For example, 5mm is NOT 3/16. 3/16 is 4,76250mm. A 5mm pin will not fit inside a 3/16 hole. At least not as it is supposed to fit.
Pins should fit tight but not too tight. Loose pins will cause nothing but trouble. The "right" fit is when you can pull them out fit your hand without putting but relatively absolutely minimal effort.



DanMar said:


> Question 4: Can I raise the sides and use the top as another shelf?


 Sure you can, but the weight of the books will act as a lever and reinforcing it with wood screws will make it look bad. Furthermore, your bookcase is already too tall and you might have to screw it into the wall.



DanMar said:


> Question 5: Is Poplar a good wood to use in regard to tannic acid levels?
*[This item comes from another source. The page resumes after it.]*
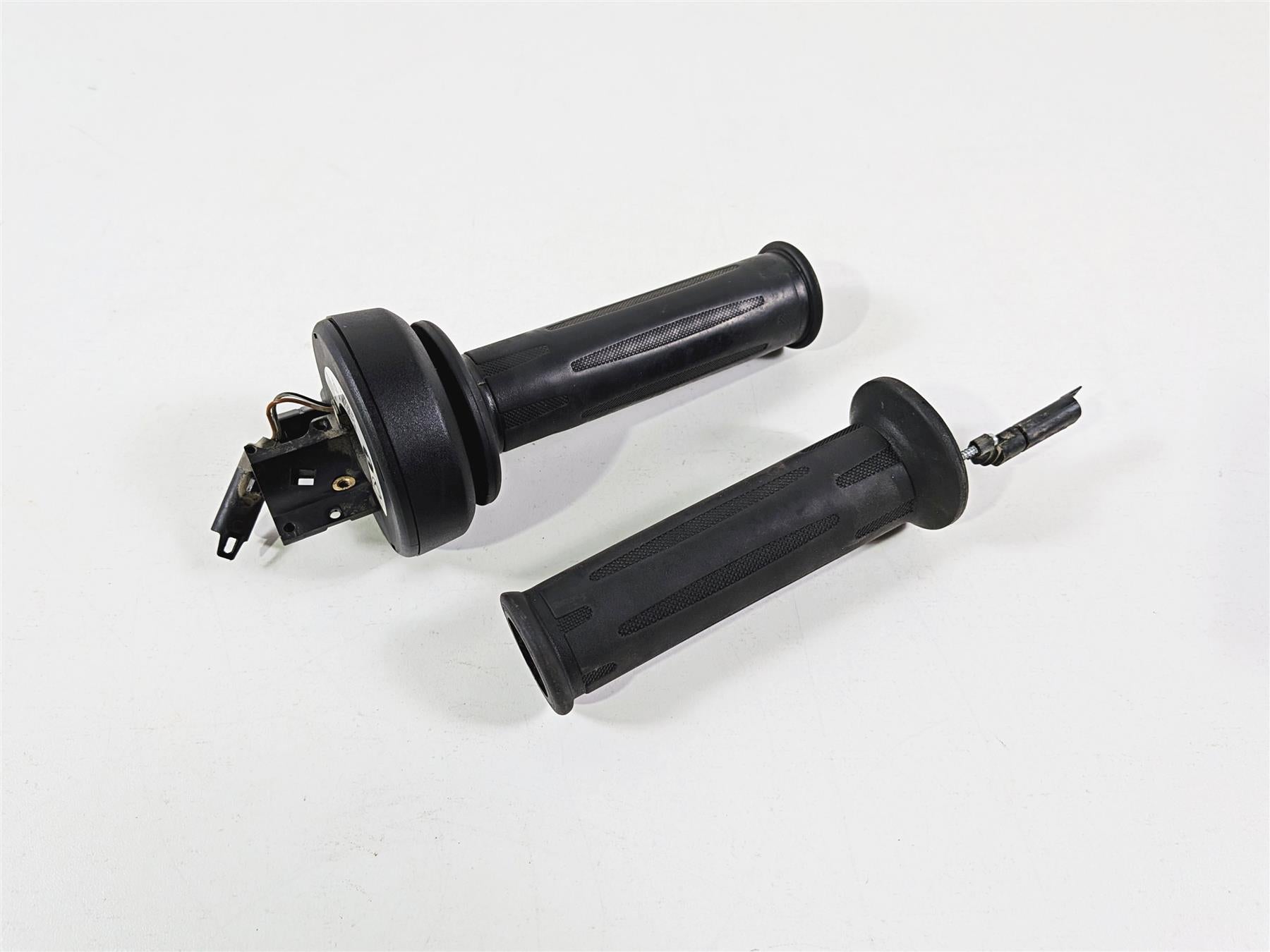 2023 BMW F850GS K81 Left Right Hand Heated Cruise Grip Set 61318552120 {{ shop.shopifyCountryName }} - Mototech271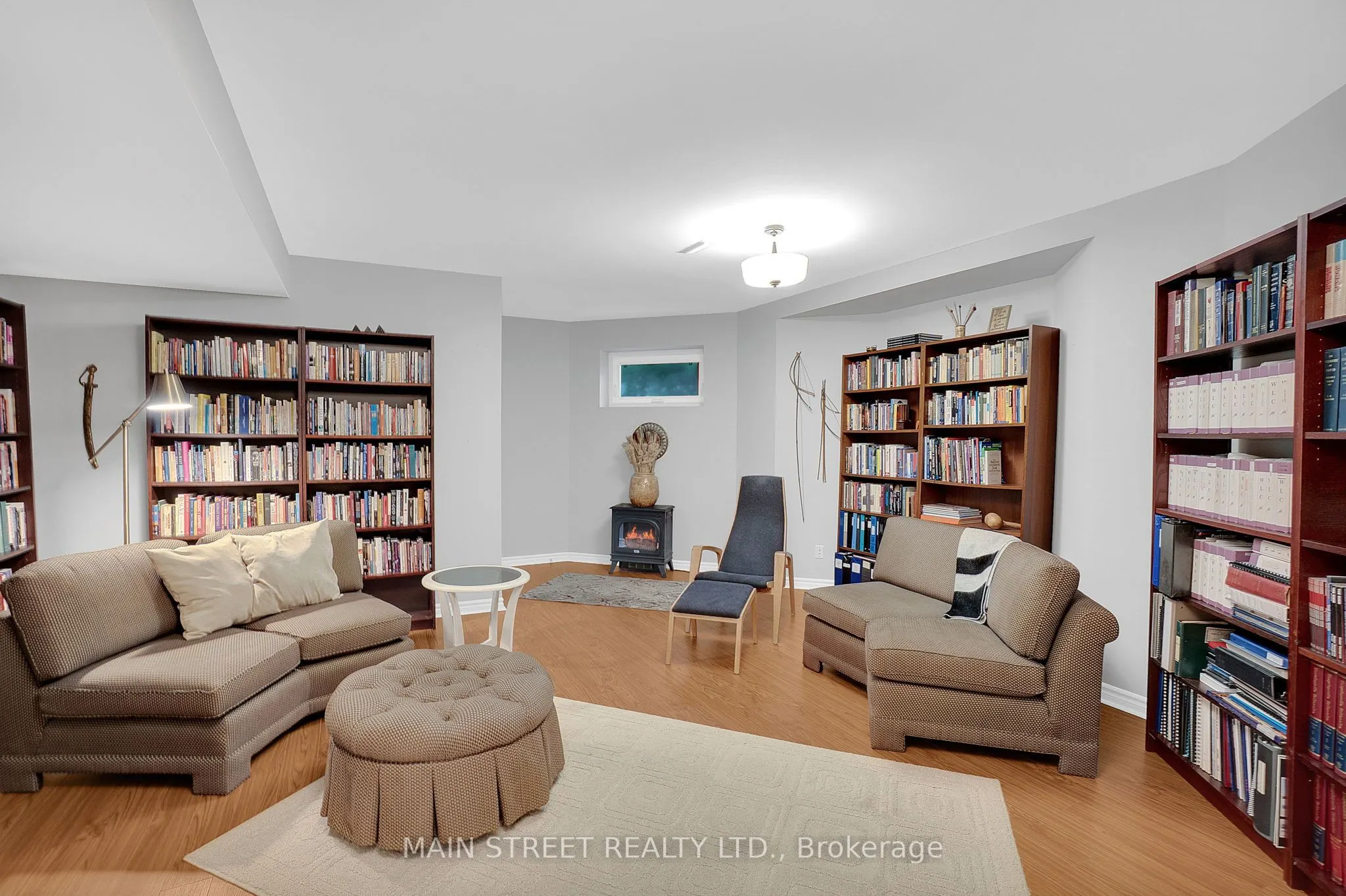 9 Cedar Ridge Road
No idea. I am in Europe. We use melamine (cheap) or MDF (expensive). Some very few use Plywood (somewhere between). All three types of man made wood work nicely IF you use good quality wood of appropriate thickness.


----------



## DanMar (Feb 15, 2013)

Scinzon, I really like those pins you linked to. I'm going to search online to see if I can find something similar that's sold in the US. I agree with you on your other points. I might just reduce the height a bit or consider extra reinforcement. Thanks for the feedback.


----------



## woodnthings (Jan 24, 2009)

*in general ...*

A bookcase with a back that is glued and screwed or nailed into the edges, top, center and bottom shelves is the best design. The shelves in between can be adjustable, no problem. Here's why. 

The back holds the long edges of the side from moving apart at the rear. The center, top and bottom fixed shelves holds the sides from moving outward. If the adjustable boards are "too short", they should almost be a press fit, they will sag, and fall through because the sagging reduces their "effective" length and they will slide off the pegs.

It's also best if you can attach the back of the bookcase to the wall studs. Children like to climb and hang on things, and a heavy load of books will injure a child if they were to fall.


----------



## Scinzon (Apr 29, 2015)

No problem. 

Just one more thing. Because you are in the US, you will probably have to find stubs to screw the bookcase to the wall, so this can change everything.

In Europe we use clay bricks and plaster so we can drill anywhere on the wall. This why I forgot about that. 


Alternately, you can just use a regular shelf over the bookcase and support it with good old brackets. You can make it in a "Pi" shape so that it will look just like the tops of the bookcases you posted. Like so ---> |________|

So you will have the top of the bookcase and the shelf to use as for storing stuff.. I hope you are tall enough. I have shelves that are 68 and 88 inches high and I need to go get a stool often. :laughing: Mostly for the 88 inch one.


----------



## DanMar (Feb 15, 2013)

woodnthings said:


> A bookcase with a back that is glued and screwed or nailed into the edges, top, center and bottom shelves is the best design. The shelves in between can be adjustable, no problem. Here's why.
> 
> The back holds the long edges of the side from moving apart at the rear. The center, top and bottom fixed shelves holds the sides from moving outward. If the adjustable boards are "too short", they should almost be a press fit, they will sag, and fall through because the sagging reduces their "effective" length and they will slide off the pegs.
> 
> It's also best if you can attach the back of the bookcase to the wall studs. Children like to climb and hang on things, and a heavy load of books will injure a child if they were to fall.


Thanks woodnthings. I figured the design as is would be secure enough. It's simple, but sturdy. I would reconsider if I chose it to be wider, but I'd rather invest in more narrow shelves and keep it simple for me.

Luckily, there are never any children in the house and I'm not in an earthquake prone area. I'll still secure everything to the wall for precaution sake. Better safe than sorry.




Scinzon said:


> No problem.
> 
> Just one more thing. Because you are in the US, you will probably have to find stubs to screw the bookcase to the wall, so this can change everything.
> 
> ...


No worries on height issues. I can reach 84 inches comfortably and still have a bit of stretch if I need it. :thumbsup: 

I shouldn't have a problem with the studs. I can go with simple sturdy brackets if need be. I'm planning on lining a few up so I might even attach a long 1/2" plywood, cut to size along the back and secured to the studs. That should give me the support I need while giving me complete freedom in how to attach the shelves to the wall and it should be mostly hidden from sight.

Does something like this sound feasible and safe? Maybe solid wood would be better than plywood in this instance?


----------



## Toolman50 (Mar 22, 2015)

DanMar said:


> Thanks woodnthings. I figured the design as is would be secure enough. It's simple, but sturdy. I would reconsider if I chose it to be wider, but I'd rather invest in more narrow shelves and keep it simple for me.
> 
> Does something like this sound feasible and safe? Maybe solid wood would be better than plywood in this instance?


I suggest you stay with plywood. Your shelving will be strong enough and it will simplify your project. 
Most bookcases we buy from furniture stores today are not made of solid wood. They are a combination of pressed board composites, MDF, plywood and trimmed with real wood, plastic or more composites.


----------